= Frederick Follett =

American journalist

Frederick Follett (November 1, 1804 Lincoln, Ontario County, New York - January 18, 1891 New York City) was an American journalist, newspaper editor and politician from New York.

==Life==
He was the son of Frederick Follett (1761–1804) and Giffie Babcock (1771–1845).

In 1819, his brother Oran Follett (member of the New York State Assembly in 1824) founded the Spirit of the Times, a weekly newspaper at Batavia, New York. In 1825, Oran removed to Buffalo, New York, and Frederick took over the paper. In 1826, Frederick married Sarah Sutherland (1806–1860), and they had three sons. In August 1836, he sold the newspaper, and went to Texas to join Sam Houston's army, but the Texas Revolution had ended before he arrived.

From 1840 to 1843, he edited the Batavia Times and Farmers and Mechanics Journal. He was Postmaster of Batavia, NY, from 1843 to 1849. In 1847, he published History of the Press of Western New-York (Rochester NY, 1847, 76 pages).

In 1847, he ran for Canal Commissioner on the Democratic ticket, but was defeated. He was a Canal Commissioner from 1850 to 1855, elected in 1849 and 1852 on the Democratic ticket.

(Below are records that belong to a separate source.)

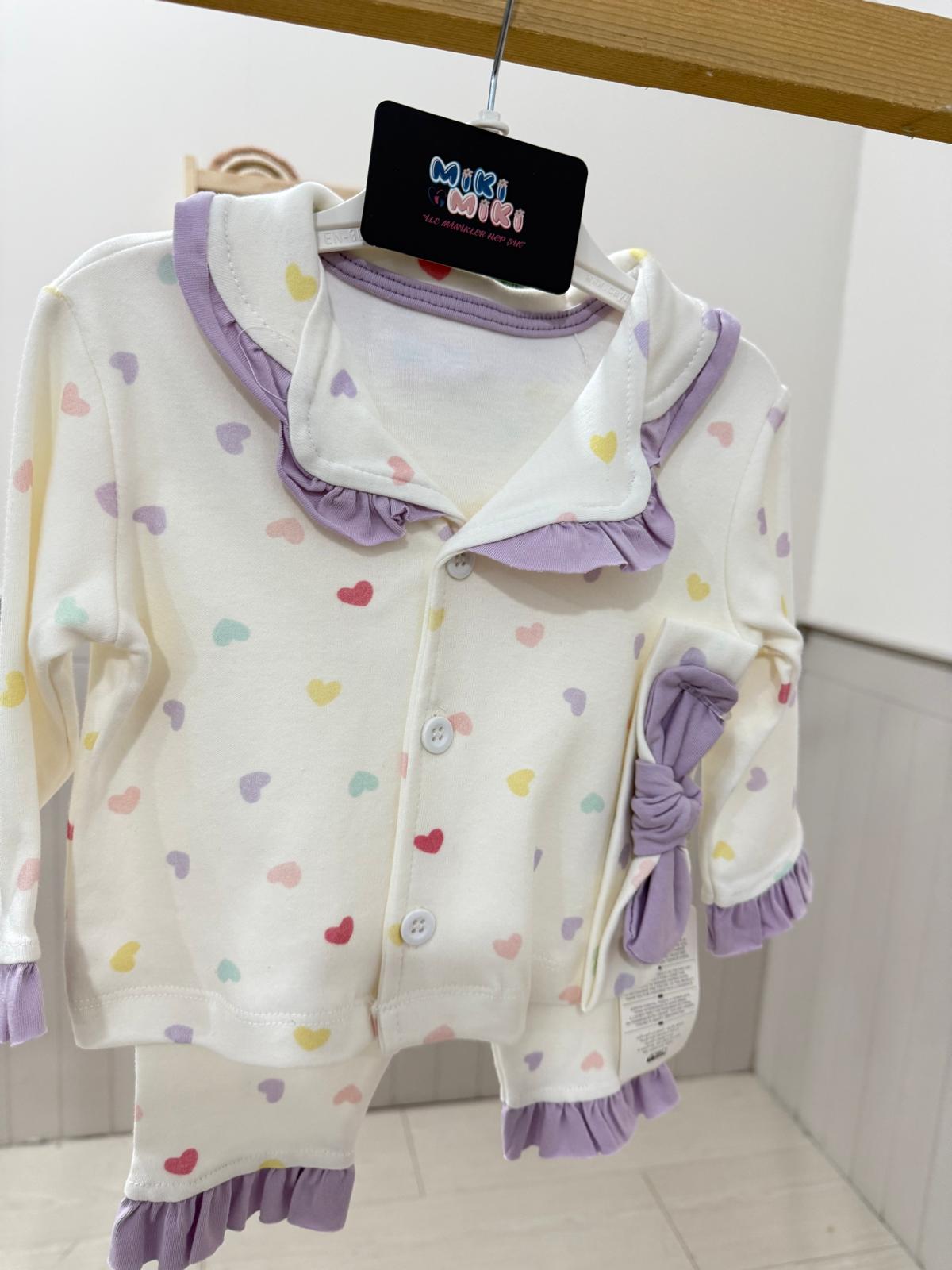 Kız Bebek Bandanalı %100 Pamuk Pijama Seti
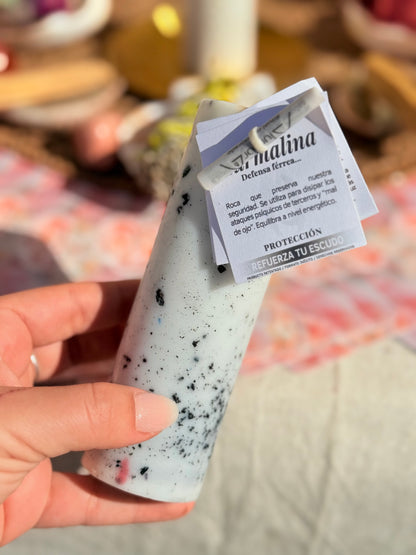VELA RITUALIZADA TURMALINA NEGRA - Protección energética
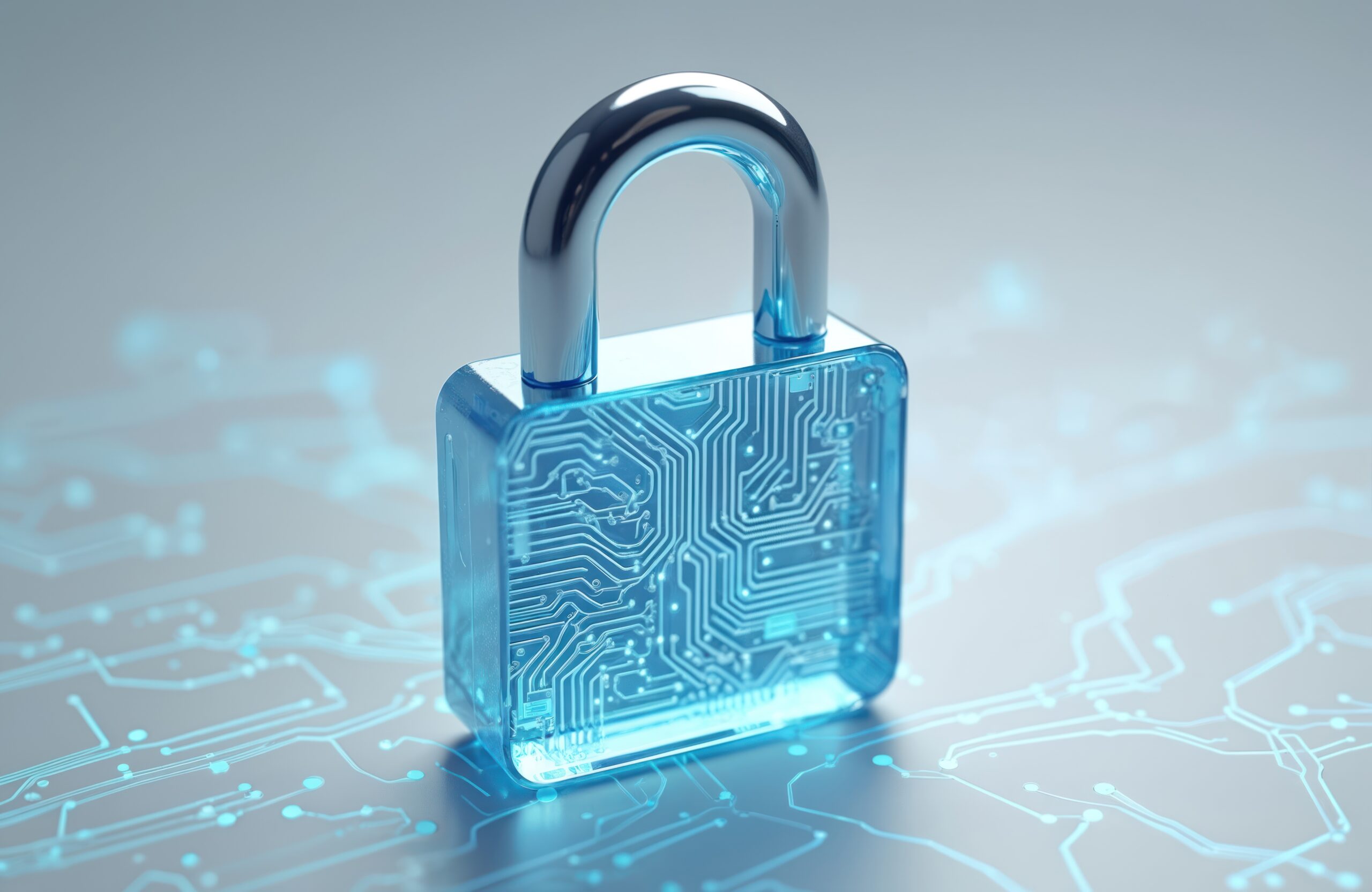 Padlock icon with circuit board background. Generative AI tech security. Digital data protection, privacy concept. Computer hardware, software safety. Authentication, authorization, firewall.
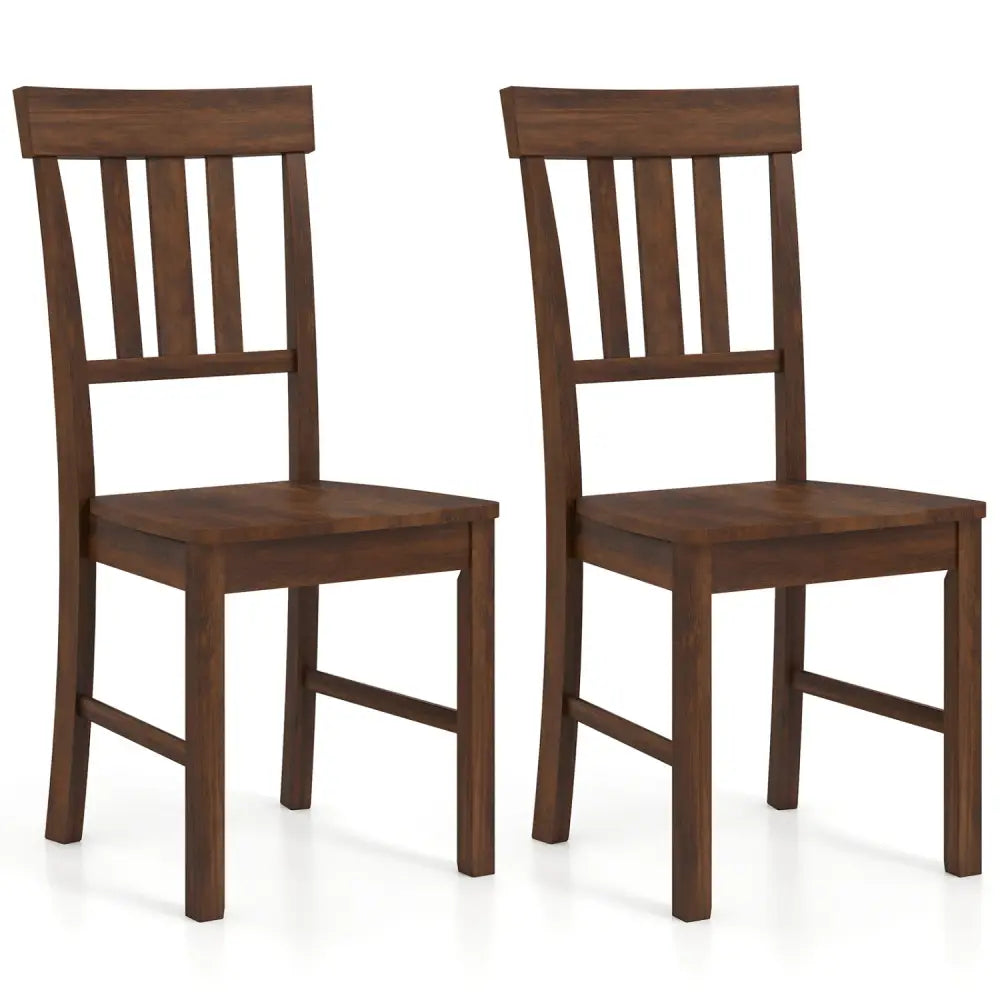 Rubber Wood Dining Chairs Set of 2 with High Slat Backrests-Brown - Dark Brown - Dining Chairs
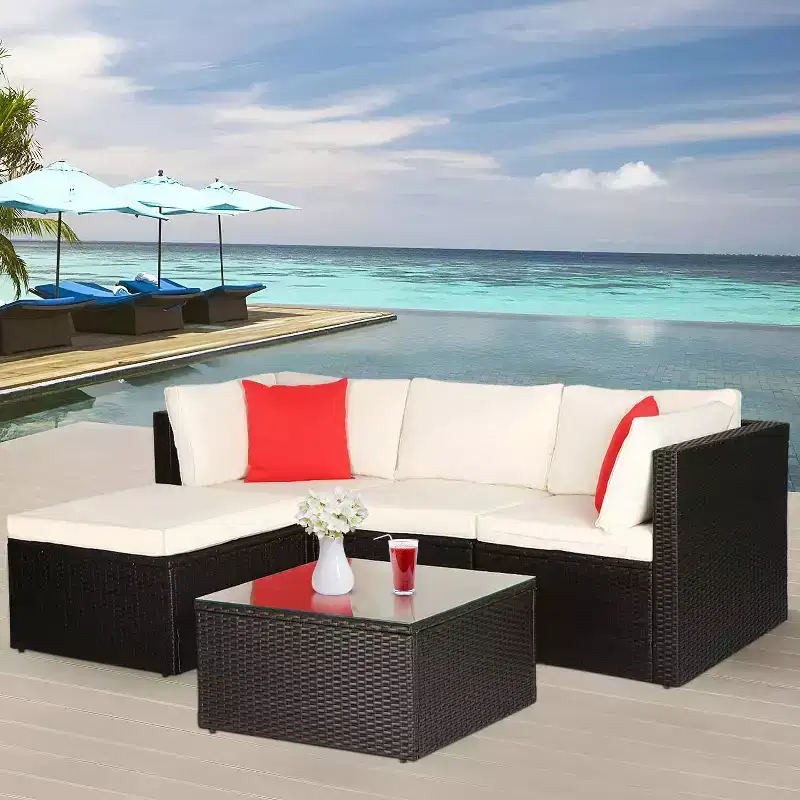 BestMassage 5 Pieces Rattan Patio Furniture Sets Patio Sectional Sofa Set Outdoor Conversation Sofa Set, Khaki
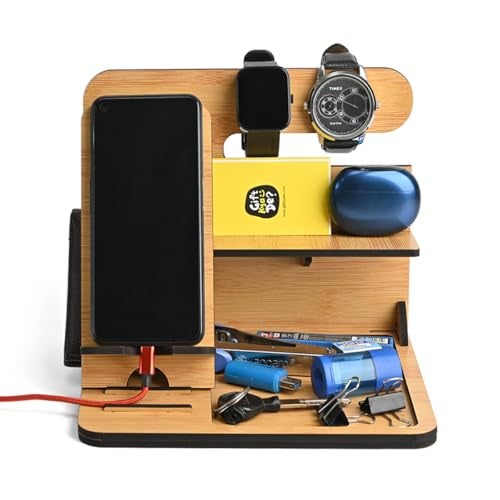 Gift Kya De GKD Wooden Desk Organizer & Docking Station 6 in 1 with Mobile Stand | Table Organizer for Office & Home | Gift for Husband, Brother & valentine gift for boyfriend | Birthday Gift (Bamboo) - Image 1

He died at his home at 231, West One Hundred and Thirty-fifth Street in New York City.

==Sources==
- Obit in NYT on January 20, 1891 (with a few inaccuracies)
- Gazetteer of the State of New York: Embracing a Comprehensive View of the Geography, Geology, and General History of the State, and a Complete History and Description of Every County, City, Town, Village and Locality: With Full Table of Statistics by John Homer French & Frank Place (Cortland County Historical Society, R. Pearsall Smith, 1860; page 321)
- The New York Civil List compiled by Franklin Benjamin Hough (page 42; Weed, Parsons and Co., 1858)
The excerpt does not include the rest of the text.